As a composer, Professor of Music (Composition, Music Theory) Dr. Shawn Okpebholo possesses a remarkable gift for framing heavy themes with delicacy and beauty. His approach to composition is distinct: complex and classically informed, but fresh and alive with spiritual, historical, and ethnomusicological intuition. This is particularly true of his recent composition Songs in Flight, which premiered at the Metropolitan Museum of Art in January and came to Wheaton’s campus this spring. It’s a song cycle—a collection of poetry set to music—inspired by Cornell’s “Freedom on the Move” archive, a database of over 3,000 advertisements from 17th–19th-century American newspapers for missing runaway slaves.
This project was conceived in partnership with Martha Guth of Sparks and Wiry Cries, but when Guth first pitched the idea to Okpebholo, he wasn’t sure he’d say yes. “I had to get back to her because I had just done several works that dealt with black pain and tragedies, and I wasn’t sure I could do a piece about slavery,” he said. Her request came on the heels of his release of GRAMMY®-nominated album Lord, How Come Me Here?, a breathtakingly beautiful yet somber collection of reimagined Negro spirituals.
Despite his hesitation, a voice from within convinced him to say yes to Guth’s proposition. “And I’m so glad,” he said. “This was one of the most rewarding artistic experiences of my life because it was so collaborative.” Indeed, the project’s collaborators are noteworthy, like the Pulitzer Prize–winning Rhiannon Giddens; internationally acclaimed artists Karen Slack, Reginald Mobley, Markel Reed, and Paul Sanchez; and renowned poet Tsitsi Jaji.
With Giddens crooning over a lightly picked banjo, the performance begins as a modest affair, until the piano floats in underneath Giddens’ deep vibrato with haunting, slow pulses of low-end chords.
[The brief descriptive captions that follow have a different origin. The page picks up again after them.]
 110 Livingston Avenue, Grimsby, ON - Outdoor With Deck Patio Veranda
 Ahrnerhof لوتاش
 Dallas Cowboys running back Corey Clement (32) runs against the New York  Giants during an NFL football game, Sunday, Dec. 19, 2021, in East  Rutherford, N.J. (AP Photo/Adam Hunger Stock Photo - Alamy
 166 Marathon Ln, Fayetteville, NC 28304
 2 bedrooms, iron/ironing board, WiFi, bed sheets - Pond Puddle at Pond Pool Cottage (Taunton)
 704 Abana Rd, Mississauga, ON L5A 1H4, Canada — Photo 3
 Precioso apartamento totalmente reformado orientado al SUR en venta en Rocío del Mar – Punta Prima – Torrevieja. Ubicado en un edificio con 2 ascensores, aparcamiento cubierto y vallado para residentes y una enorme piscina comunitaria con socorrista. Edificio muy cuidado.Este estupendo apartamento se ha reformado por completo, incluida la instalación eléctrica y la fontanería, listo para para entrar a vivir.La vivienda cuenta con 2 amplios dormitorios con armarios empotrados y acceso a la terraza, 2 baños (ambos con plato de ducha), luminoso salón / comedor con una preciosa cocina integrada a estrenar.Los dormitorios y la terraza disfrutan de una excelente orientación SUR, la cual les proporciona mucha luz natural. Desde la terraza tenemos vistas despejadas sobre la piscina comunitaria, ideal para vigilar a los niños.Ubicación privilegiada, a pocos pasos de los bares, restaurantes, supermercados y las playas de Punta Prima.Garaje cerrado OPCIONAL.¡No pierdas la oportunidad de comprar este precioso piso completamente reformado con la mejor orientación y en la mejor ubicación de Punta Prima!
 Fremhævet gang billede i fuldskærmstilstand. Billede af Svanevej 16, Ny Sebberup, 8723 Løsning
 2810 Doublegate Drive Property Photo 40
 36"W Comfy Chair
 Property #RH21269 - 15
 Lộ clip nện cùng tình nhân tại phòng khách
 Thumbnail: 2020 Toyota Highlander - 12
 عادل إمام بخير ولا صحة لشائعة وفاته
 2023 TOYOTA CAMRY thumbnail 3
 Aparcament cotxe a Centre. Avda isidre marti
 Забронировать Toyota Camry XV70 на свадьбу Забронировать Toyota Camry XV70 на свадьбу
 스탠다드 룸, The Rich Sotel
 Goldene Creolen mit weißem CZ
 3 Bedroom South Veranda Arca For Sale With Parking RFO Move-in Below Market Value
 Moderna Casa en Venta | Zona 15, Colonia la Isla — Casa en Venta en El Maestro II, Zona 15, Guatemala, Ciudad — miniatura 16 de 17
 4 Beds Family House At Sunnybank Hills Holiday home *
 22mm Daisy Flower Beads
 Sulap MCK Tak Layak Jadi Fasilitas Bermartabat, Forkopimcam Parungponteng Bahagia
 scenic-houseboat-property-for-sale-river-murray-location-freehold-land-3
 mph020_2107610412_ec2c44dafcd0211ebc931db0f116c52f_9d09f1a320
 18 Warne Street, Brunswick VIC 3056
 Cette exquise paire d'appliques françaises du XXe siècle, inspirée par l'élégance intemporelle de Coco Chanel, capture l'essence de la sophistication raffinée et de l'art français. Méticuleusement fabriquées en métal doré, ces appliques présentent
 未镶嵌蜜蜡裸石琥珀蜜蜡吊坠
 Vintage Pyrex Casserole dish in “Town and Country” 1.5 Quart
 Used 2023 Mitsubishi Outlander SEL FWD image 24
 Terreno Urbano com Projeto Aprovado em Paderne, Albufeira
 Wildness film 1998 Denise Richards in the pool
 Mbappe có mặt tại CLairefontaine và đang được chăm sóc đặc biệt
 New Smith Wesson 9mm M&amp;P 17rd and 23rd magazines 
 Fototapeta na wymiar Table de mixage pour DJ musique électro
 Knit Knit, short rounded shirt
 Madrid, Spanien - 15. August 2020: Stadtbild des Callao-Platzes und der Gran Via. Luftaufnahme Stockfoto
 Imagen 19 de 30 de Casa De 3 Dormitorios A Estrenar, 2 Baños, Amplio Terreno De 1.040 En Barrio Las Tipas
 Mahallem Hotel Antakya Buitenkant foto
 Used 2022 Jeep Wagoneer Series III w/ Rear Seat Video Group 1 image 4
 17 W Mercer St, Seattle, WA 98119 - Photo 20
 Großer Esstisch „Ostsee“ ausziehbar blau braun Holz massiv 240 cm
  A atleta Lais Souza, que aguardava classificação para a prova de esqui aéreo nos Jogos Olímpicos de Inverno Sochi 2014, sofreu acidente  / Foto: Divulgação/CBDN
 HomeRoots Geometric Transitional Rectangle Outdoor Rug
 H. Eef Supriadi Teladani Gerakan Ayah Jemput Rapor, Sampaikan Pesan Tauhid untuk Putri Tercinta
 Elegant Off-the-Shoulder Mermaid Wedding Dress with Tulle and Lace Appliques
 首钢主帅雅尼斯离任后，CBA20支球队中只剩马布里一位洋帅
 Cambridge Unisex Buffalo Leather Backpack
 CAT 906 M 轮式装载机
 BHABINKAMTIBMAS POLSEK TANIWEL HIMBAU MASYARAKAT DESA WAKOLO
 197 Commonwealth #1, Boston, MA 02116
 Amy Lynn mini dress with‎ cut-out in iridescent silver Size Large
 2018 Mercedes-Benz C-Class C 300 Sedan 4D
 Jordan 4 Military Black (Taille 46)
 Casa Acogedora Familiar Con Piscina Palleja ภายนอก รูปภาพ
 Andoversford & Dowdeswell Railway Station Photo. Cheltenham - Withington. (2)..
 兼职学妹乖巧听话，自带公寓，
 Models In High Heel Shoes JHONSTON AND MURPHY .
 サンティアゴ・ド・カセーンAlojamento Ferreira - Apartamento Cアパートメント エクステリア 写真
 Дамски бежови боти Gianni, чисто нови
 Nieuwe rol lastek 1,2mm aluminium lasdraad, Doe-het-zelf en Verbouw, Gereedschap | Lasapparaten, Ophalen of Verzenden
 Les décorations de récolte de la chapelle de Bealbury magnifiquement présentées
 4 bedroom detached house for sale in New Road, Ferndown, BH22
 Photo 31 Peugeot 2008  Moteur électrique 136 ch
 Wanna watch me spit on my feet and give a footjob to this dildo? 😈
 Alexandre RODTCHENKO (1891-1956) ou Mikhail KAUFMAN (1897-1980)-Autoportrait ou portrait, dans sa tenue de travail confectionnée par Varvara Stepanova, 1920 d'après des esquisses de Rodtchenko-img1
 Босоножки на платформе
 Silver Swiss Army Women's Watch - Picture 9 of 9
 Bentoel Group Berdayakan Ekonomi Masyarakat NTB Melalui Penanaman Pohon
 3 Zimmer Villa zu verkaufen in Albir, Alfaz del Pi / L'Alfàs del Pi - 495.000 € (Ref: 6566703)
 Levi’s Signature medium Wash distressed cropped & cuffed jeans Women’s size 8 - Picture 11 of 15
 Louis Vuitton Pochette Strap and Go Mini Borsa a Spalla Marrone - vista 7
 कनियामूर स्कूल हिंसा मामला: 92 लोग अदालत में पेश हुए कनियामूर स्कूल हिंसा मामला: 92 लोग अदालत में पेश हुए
Together, Giddens’ soaring vocals and the piano’s dissonant march draw the audience in. The eschatological lyrics and bright chords of an old African American spiritual juxtapose with the eerie, dark urgency of Okpebholo’s melody and accompaniment. From the very first minute, Songs in Flight accomplishes what Okpebholo intended: It makes the abstract personal, and it reminds the listener that history is true.
“I hope listeners experience the profound impact that American slavery still has on our world today,” said Okpebholo. “One of the most powerful elements of this song cycle is that it humanizes people. These were real people who were enslaved, and we kind of just forget that as a society. They were made in the image of God.”